9. Альфа-1-антитрипсин в стуле. Этот белок теряется при нарушении всасывания в тонкой кишке (энтеропатия любого происхождения). Ввиду стабильности он может быть оценен в образце кала. Высокое содержание альфа-1-антитрипсина в стуле может свидетельствовать о нарушении кишечного всасывания или белка.

10. Остаточная осмолярность кала – данный метод позволяет разделить два типа диареи: секреторную и осмотическую.

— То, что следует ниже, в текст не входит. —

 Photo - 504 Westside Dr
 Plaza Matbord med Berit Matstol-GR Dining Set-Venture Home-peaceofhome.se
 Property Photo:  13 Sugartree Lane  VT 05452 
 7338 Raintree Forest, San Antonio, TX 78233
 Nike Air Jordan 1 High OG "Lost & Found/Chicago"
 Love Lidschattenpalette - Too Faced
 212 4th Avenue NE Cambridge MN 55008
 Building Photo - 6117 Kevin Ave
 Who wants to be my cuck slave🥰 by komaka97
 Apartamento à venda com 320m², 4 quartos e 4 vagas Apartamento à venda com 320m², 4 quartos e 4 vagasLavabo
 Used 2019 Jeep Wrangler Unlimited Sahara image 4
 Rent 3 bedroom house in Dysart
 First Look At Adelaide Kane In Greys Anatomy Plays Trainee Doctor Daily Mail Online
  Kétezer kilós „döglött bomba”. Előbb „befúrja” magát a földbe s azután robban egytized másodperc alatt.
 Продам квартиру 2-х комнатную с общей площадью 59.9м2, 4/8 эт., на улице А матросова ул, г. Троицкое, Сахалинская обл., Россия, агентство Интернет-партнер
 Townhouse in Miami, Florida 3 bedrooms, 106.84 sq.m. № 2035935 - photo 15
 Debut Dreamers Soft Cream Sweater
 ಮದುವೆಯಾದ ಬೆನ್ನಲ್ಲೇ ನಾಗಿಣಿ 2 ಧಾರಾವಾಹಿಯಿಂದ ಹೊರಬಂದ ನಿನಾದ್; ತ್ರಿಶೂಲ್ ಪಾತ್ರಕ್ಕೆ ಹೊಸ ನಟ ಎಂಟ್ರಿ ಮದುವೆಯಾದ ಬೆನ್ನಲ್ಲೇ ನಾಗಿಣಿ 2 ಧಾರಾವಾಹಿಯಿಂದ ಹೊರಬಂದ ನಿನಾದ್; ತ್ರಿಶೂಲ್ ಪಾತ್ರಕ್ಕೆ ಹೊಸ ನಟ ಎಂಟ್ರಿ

Обычно используется в качестве резервного метода диагностики диарей, когда лежащие на поверхности причины нарушений стула исключены, и требуется определить, в каком диагностическом направлении двигаться. Осмотический тип диареи встречается при нарушении переваривания и всасывания, секреторный – при повышенной секреции или нарушении всасывания воды и электролитов в просвет кишечника.

11. Зонулин в кале – как пишут лаборатории, «служит маркером нарушения проницаемости кишечного барьера». Ввиду того, что повышенная кишечная проницаемость – не заболевание, а один из многих механизмов различных кишечных заболеваний, в настоящее время определение зонулина возможно разве что с научной точки зрения. До получения новых данных этот метод бесполезен в рутинной практике.

12. Содержание углеводов в кале – анализ, целью которого является определение в кале невсосавшихся углеводов, таких как глюкоза, галактоза, лактоза, фруктоза, мальтоза. Следует помнить, что всасывание углеводов часто зависит от употребленного количества и активности ферментов, скорости кишечной моторики. Повышенное содержание углеводов в кале не всегда свидетельствует о патологии, в том числе проявляющейся симптомами. Ценность применения данного теста в клинической практике ограничена.

В данном посте я не рассматривал анализы кала для диагностики бактериальной, вирусной инфекции и паразитарной инвазии.